Jazzed About ‘The King of Jazz’
By Leonard Maltin | Leonard Maltin
For a number of people I know, the movie event of the year doesn’t involve superheroes or special effects: it’s a restoration of the 1930 Technicolor musical The King of Jazz. This early-talkie extravaganza was unavailable for many years, and when it surfaced there were questions about how authentic it was to the two-color Technicolor process of that era. (After all, the showpiece is conductor Paul Whiteman’s performance of the George Gershwin “Rhapsody in Blue”—in a medium that could only reveal variations of red and green.) What’s more, the print that circulated was a shortened 1933 reissue version.
A youthful “Junior” Laemmle joins his father, Universal founder Carl Laemmle and bandleader Paul Whiteman to promote 'The King of Jazz,' which wound up costing a fortune and taking much longer to produce than anyone anticipated
Now, thanks to a major commitment from Universal, the Library of Congress, and the Vitaphone Project (which supplied pristine soundtrack discs), the movie has been given a thorough—and costly—renovation. I envy my friends who will get to see it this Friday at the Museum of Modern Art in New York City.

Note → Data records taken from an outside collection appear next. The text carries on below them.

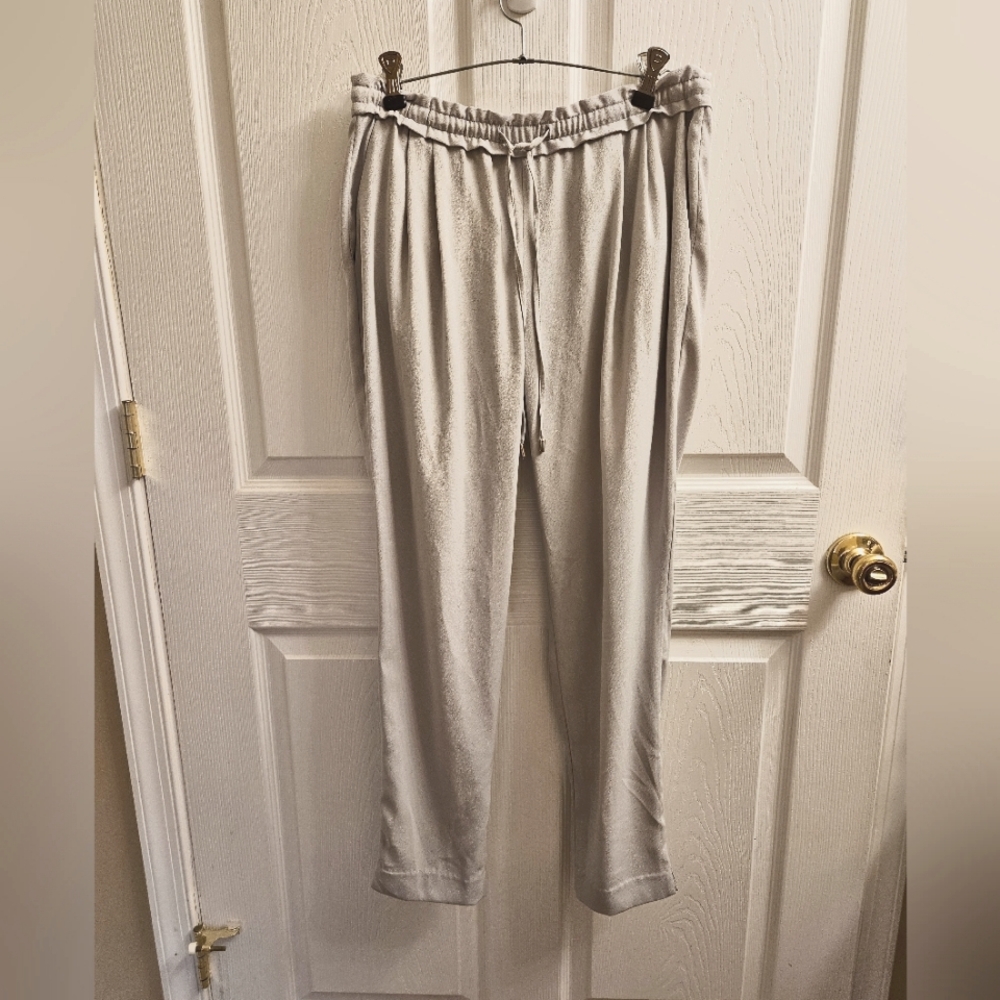 Zara Dress Jogger Pants Light Grey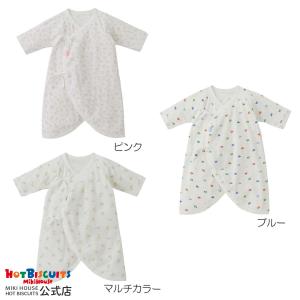 ミキハウス フライス コンビ肌着 プリント柄 ピンク ブルー マルチカラー 50cm 60cm ホットビスケッツ HOT BISCUITS｜ミキハウスホットビスケッツ公式店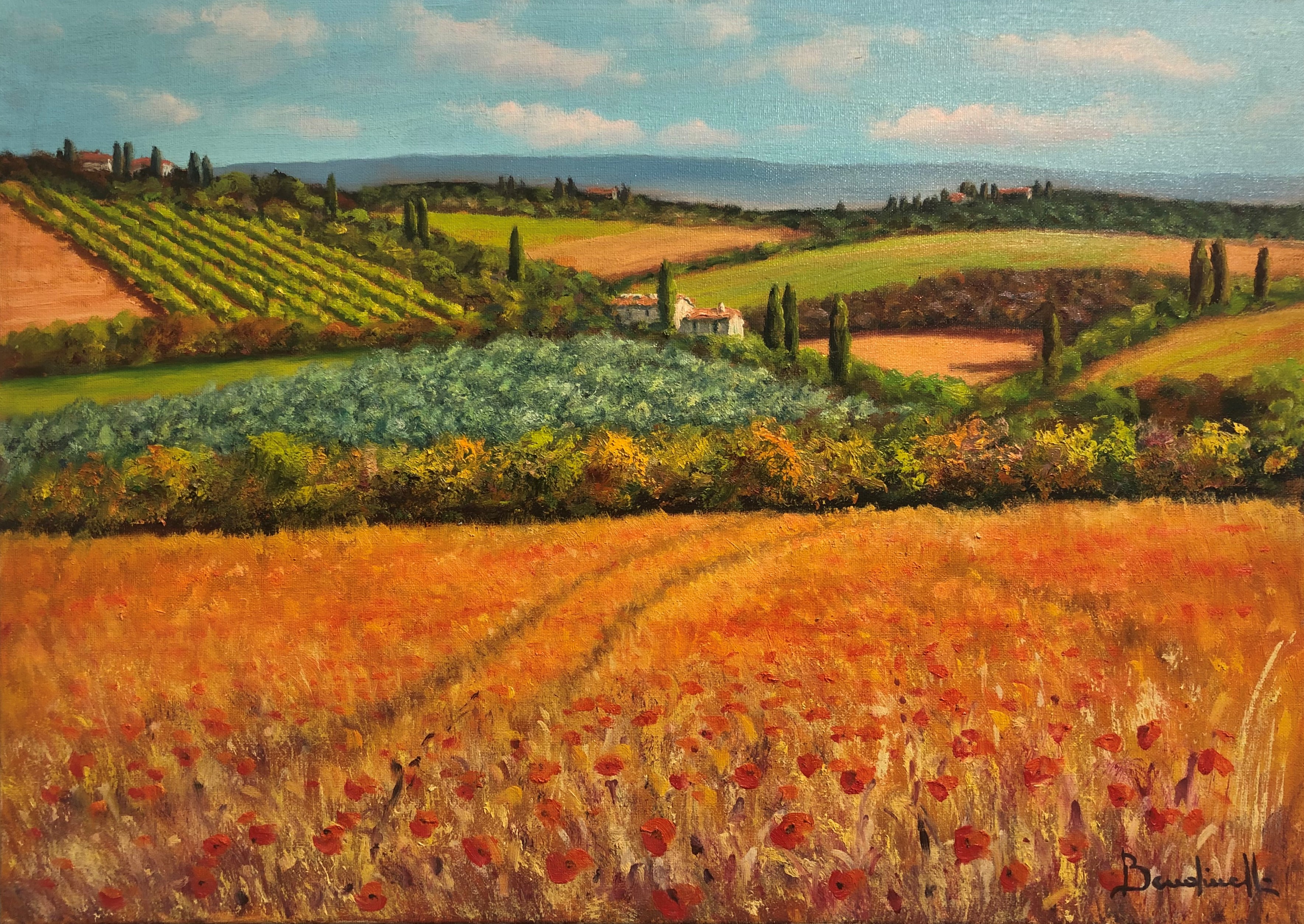 Code BE01 cm 50x70 “Campagna toscana”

I also can’t wait to see the coffee-table book that David Pierce and James Layton have produced in conjunction with this event. Fortunately,they exceeded their original goal on Kickstarter and have extended the fund-raising effort for this lavish endeavor. You can learn more about it HERE.

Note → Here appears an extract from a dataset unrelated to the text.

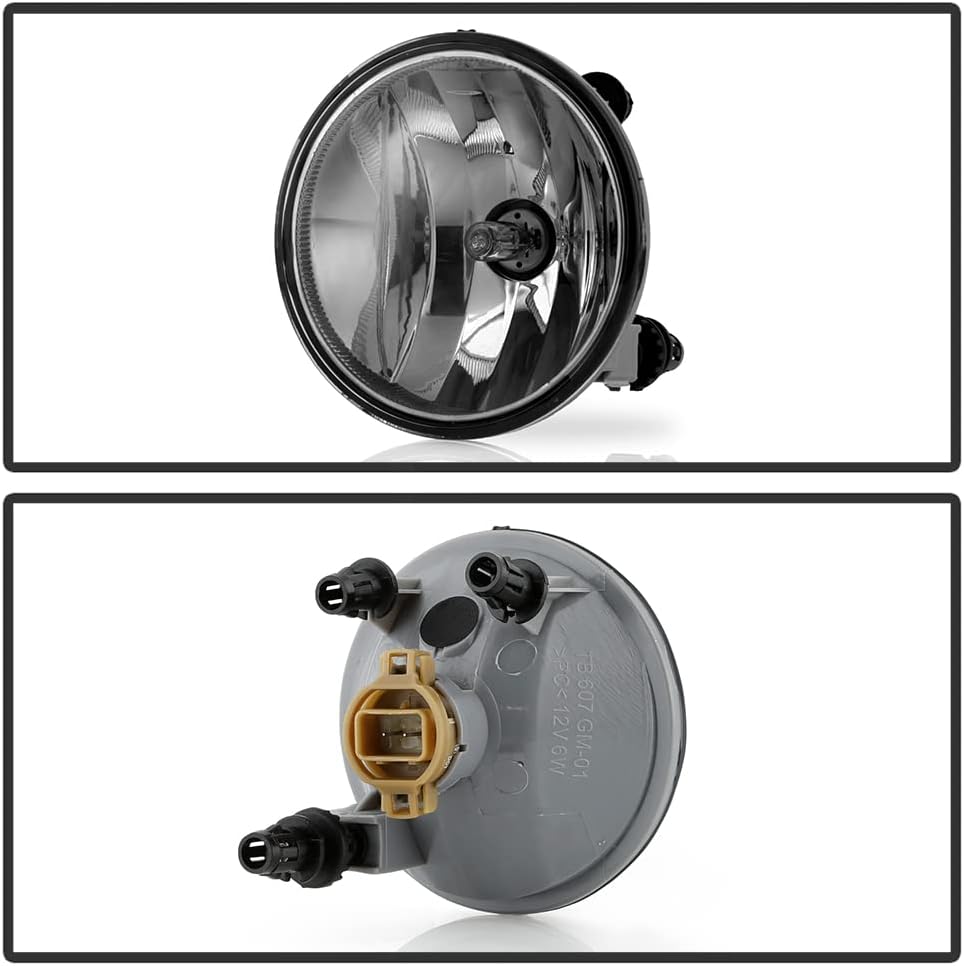 ACANII – Para Chevy Suburban Tahoe GMC Yukon Avalanche Acadia 2007-2014 lente ahumada, luces antiniebla, conjunto de par de lámparas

Paul Whiteman’s Rhythm Boys: that’s Bing Crosby in the middle
The King of Jazz is a wonderful artifact of its time, when bandleader Paul Whiteman was a household name. Billed as a musical revue, it has no plot, just a string of songs, skits, and elaborate production numbers. Whiteman’s vocal trio, The Rhythm Boys, featured a future star in his first screen appearance: Bing Crosby. There is also an animated sequence provided by Walter Lantz that spotlights the great swing violinist Joe Venuti.
I am hopeful that this movie will be screened around the country and, in time, be made available for home viewing as well.
In the meantime, MoMA curator Dave Kehr is using it to kick off a fascinating tribute to Universal called Universal Pictures: Restorations and Rediscoveries 1928-1937 that focuses on the early-talkie era when the studio was run by Carl Laemmle, Jr., the founder’s son. “Junior” Laemmle, as he was known, took many risks and made a number of daring and exceptional movies. Some, like Dracula andFrankenstein, are classics, but others have gone unappreciated (and largely unseen) in recent times. The MoMA shows seeks to rectify that situation and includes a number of rare titles, many of them restored in 35mm by Universal, others coming from archives overseas.
Just last year I wrote about my interest in The Road Back (1937), the little-known sequel to All Quiet on the Western Front directed by the great James Whale. (read my column HERE) MoMA is showing a longer print than the one Universal reissued in 1939, along with the “butchered” version, although the 105 minute cut that Whale debuted in 1937 is still lost. On the brighter side, there are early films from director William Wyler (including a comedy vehicle for Slim Summerville and ZaSu Pitts), and work by unsung heroes like Edward L. Cahn, Tay Garnett, and John M. Stahl. You can find the calendar listing and Dave Kehr’s program notes HERE.
As my mentor/hero William K. Everson always said, saving a film is pointless if no one gets to see it. That’s why this show is so exciting and so relevant.